Skip to contents

Computes z-scores to flag environmental outliers.

Usage

zscore(
  data,
  var,
  output = "outlier",
  type = "mild",
  mode = "soft",
  pc = FALSE,
  pcvar = NULL,
  boot = FALSE
)

Arguments

data

Dataframe or vector to check for outliers.

var

Variable considered in flagging suspicious outliers.

output

Either clean: for data frame with no suspicious outliers or outlier: to return dataframe with only outliers.

type

Either mild if zscore cut off is 2.5 or extreme if zscore is >3.

mode

Either robust, if a robust mode is used which uses median instead of mean and median absolute deviation from median.

pc

Whether principal component analysis will be computed. Default FALSE

pcvar

Principal component analysis to e used for outlier detection after PCA. Default PC1

boot

Whether bootstrapping will be computed. Default FALSE

Value

Data frame with or with no outliers.

Details

The method uses mean as an estimator of location and standard deviation for scale (Rousseeuw & Hubert 2011), which both have zero breakdown point, and their influence function is unbounded (robustness of an estimator to outliers) (Seo 2006; Rousseeuw & Hubert 2011). Because both parameters are not robust to outliers, it leads to outlier masking and swamping (Rousseeuw & Hubert 2011). Records are flagged as outliers if their Z-score exceeds 2.5 (Rousseeuw & Hubert 2011).

Examples


if (FALSE) { # \dontrun{

data("efidata")

gbd <- check_names(data = efidata, colsp='scientificName', pct=90, merge=TRUE)

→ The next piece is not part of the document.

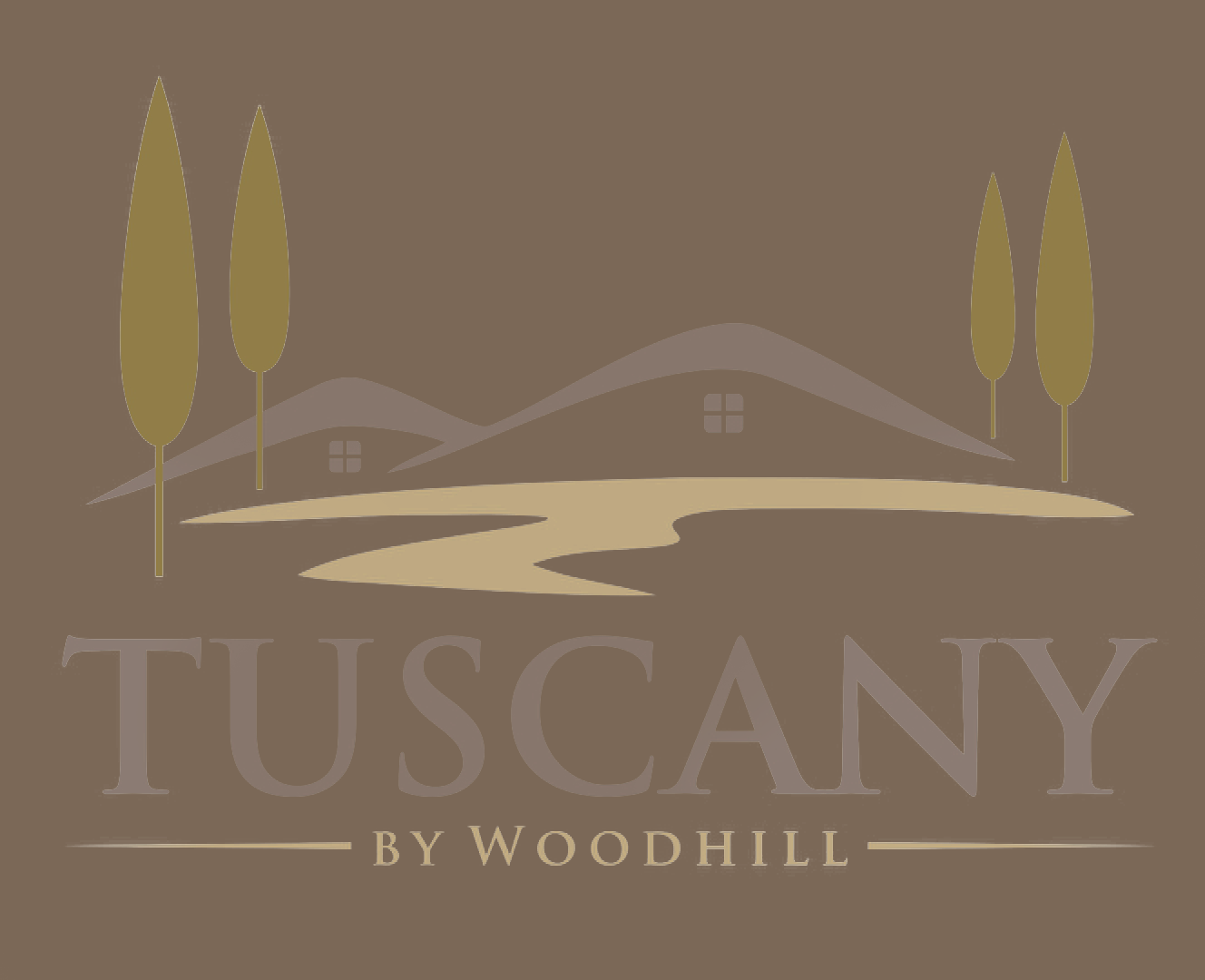Tuscany by Woodhill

danube <- system.file('extdata/danube.shp.zip', package='specleanr')

db <- sf::st_read(danube, quiet=TRUE)

wcd <- terra::rast(system.file('extdata/worldclim.tiff', package='specleanr'))

refdata <- pred_extract(data = gbd, raster= wcd , lat = 'decimalLatitude', lon= 'decimalLongitude',
                          colsp = 'speciescheck',
                          bbox = db,
                          minpts = 10)

 zout <- zscore(data = refdata[['Salmo trutta']], var = 'bio6', output='outlier')

} # }